April 16, 2023 , Cobleskill United Methodist Church - Pastor Anna Blinn Cole
Second Sunday of Easter
Genesis 1:26-31 26 Then God said, “Let us make humanity in our image to resemble us so that they may take charge of the fish of the sea, the birds in the sky, the livestock, all the earth, and all the crawling things on earth.”
27 God created humanity in God’s own image, in the divine image God created them,[a] male and female God created them.
28 God blessed them and said to them, “Be fertile and multiply; fill the earth and master it. Take charge of the fish of the sea, the birds in the sky, and everything crawling on the ground.” 29 Then God said, “I now give to you all the plants on the earth that yield seeds and all the trees whose fruit produces its seeds within it. These will be your food. 30 To all wildlife, to all the birds in the sky, and to everything crawling on the ground—to everything that breathes—I give all the green grasses for food.” And that’s what happened. 31 God saw everything he had made: it was supremely good. There was evening and there was morning: the sixth day.

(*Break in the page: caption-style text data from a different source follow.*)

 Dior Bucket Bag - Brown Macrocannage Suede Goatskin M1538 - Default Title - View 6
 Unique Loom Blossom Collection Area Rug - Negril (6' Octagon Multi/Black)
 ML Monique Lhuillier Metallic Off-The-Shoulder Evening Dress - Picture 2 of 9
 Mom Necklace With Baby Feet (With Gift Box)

Psalm 8 God, brilliant Lord, yours is a household name.
2 Nursing infants gurgle choruses about you; toddlers shout the songs That drown out enemy talk, and silence atheist babble.
3-4 I look up at your macro-skies, dark and enormous, your handmade sky-jewelry, Moon and stars mounted in their settings. Then I look at my micro-self and wonder, Why do you bother with us? Why take a second look our way?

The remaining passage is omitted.